● TASK ITEM: Starting at the top of the listing, extract every line up to and including the one with "Load image into". Pictures stay out of the copy.

● SOURCE DATA:
■ ■ ■ ■ ■
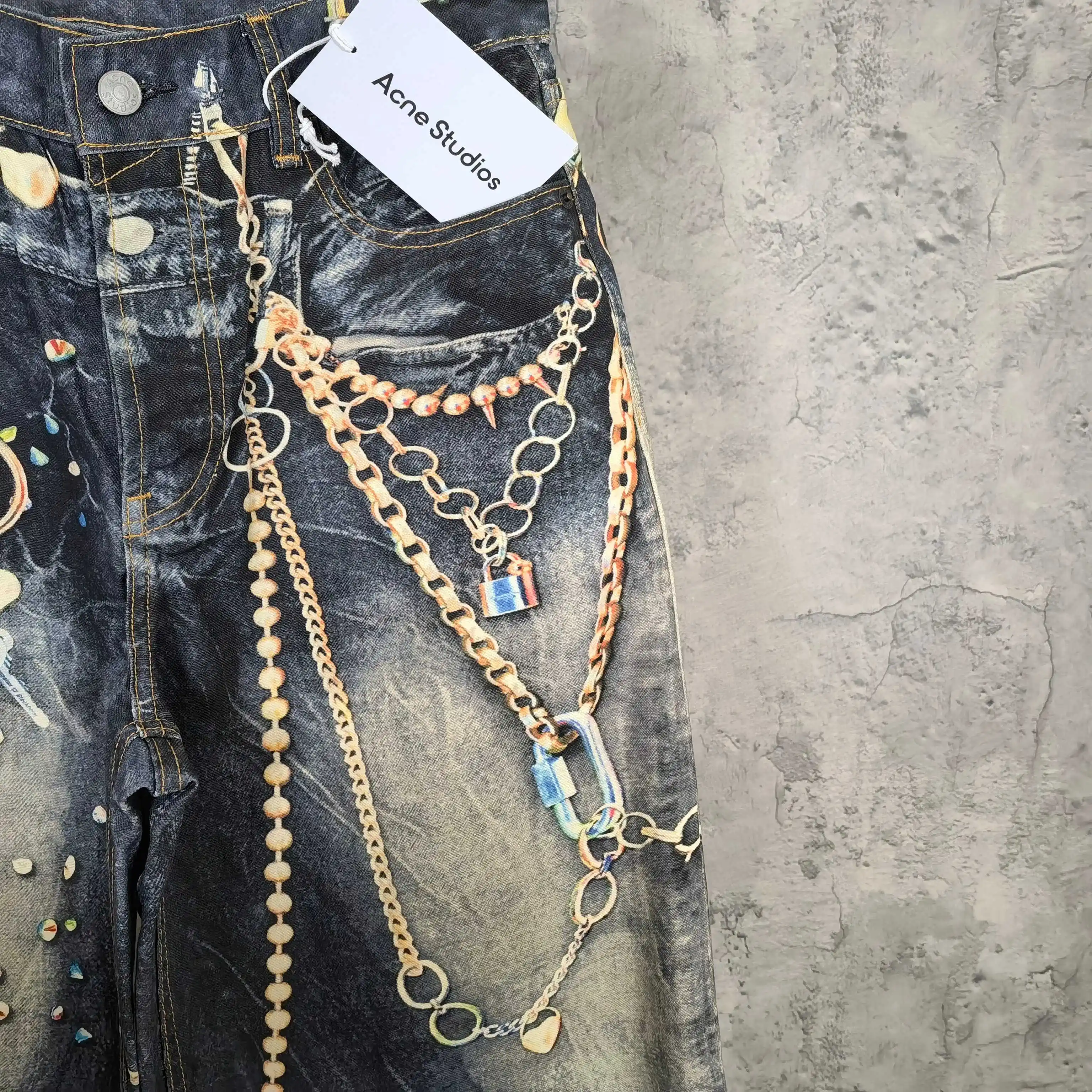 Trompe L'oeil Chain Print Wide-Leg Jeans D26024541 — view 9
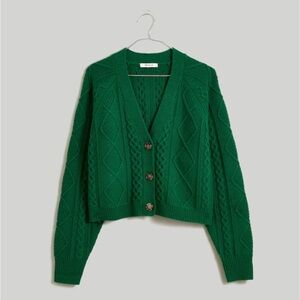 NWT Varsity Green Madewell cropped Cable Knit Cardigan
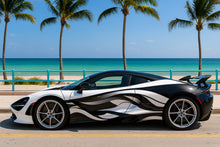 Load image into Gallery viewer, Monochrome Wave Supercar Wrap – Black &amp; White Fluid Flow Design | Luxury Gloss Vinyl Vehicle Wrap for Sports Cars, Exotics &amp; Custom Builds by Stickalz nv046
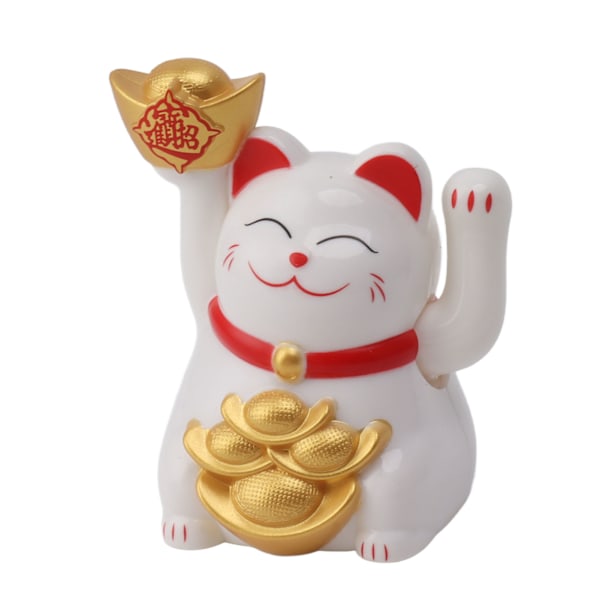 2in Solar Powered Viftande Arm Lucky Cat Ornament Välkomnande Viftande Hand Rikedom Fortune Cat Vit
■ ■ ■ ■ ■
● ANSWER SPACE:
 Trompe L'oeil Chain Print Wide-Leg Jeans D26024541 — view 9
 NWT Varsity Green Madewell cropped Cable Knit Cardigan
 Load image into Gallery viewer, Monochrome Wave Supercar Wrap – Black &amp; White Fluid Flow Design | Luxury Gloss Vinyl Vehicle Wrap for Sports Cars, Exotics &amp; Custom Builds by Stickalz nv046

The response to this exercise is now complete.